Date of this Version

Summer 1984

Citation

Great Plains Quarterly Vol. 4, No. 3, Summer 1984, pp. 180-81.

Comments

Copyright 1984 by the Center for Great Plains Studies, University of Nebraska-Lincoln

Abstract

The image of a hastily gathered posse comitatus riding out of a fearfully paralyzed western town to administer swift and violent justice to a band of desperadoes is as firmly etched in the American mind as nearly any popular western scene. In one violent portrait, the remoteness of the frontier from civilization, the failure of established institutions, and the necessity of good men to protect their families and property are capsulized. The fascination with vigilantes is bred of the excitement of its violent solution and the inherent mystery behind it all. What drove men to take the law under their own jurisdiction, and how did they do it?

Lew L. Callaway, who immigrated to Montana at the age of two in 1871 and was later appointed Chief Justice of the Montana Supreme Court, became entranced with the subject of Montana's famous vigilantes. Callaway, whose father was a business associate of one of the key vigilante leaders, talked with many participants and with others who knew the inner history of these historic extralegal activities in the period 1863 to 1865. First published as newspaper articles and later collected in the limited circulation publication Two True Tales of the Wild West (1973), Callaway's story of Montana's hangmen corrects errors contained in other accounts and introduces new material.

Of most importance to historians, Callaway's treatment of the Montana vigilantes establishes that membership and participation in the movement was much larger and broader than previously portrayed. Part of this misconception was the result of an understandable uneasiness on the part of the vigilantes to have their distasteful deeds fully described and themselves clearly identified. But, as Callaway's account explains, it was the general support the vigilantes received from the populace that genuinely makes the vigilante movement in Montana less conspiratorial than popular versions would have it.
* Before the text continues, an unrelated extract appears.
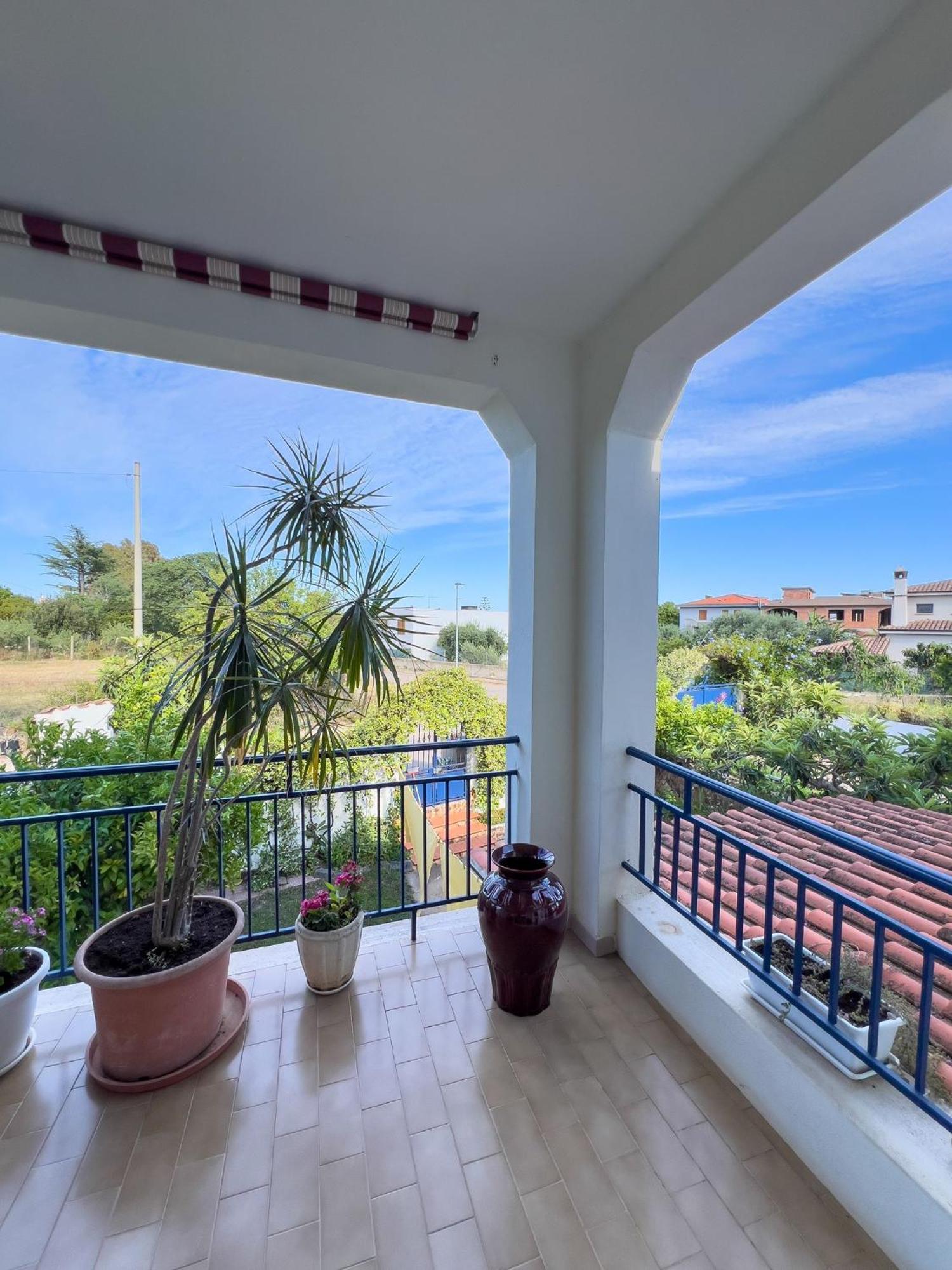 Villa Gladyr Lotzorai Dış mekan fotoğraf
Callaway's father's friendship with James Williams, the reticent but demonstrably key individual in the vigilante organization, provided the author with crucial new information. The result is the story of the vigilantes centered around the biographies of two prime actors in the drama: Captain James Williams, vigilante leader; and Joseph Alfred Slade, an outrageous character who defied the vigilantes and paid the ultimate price.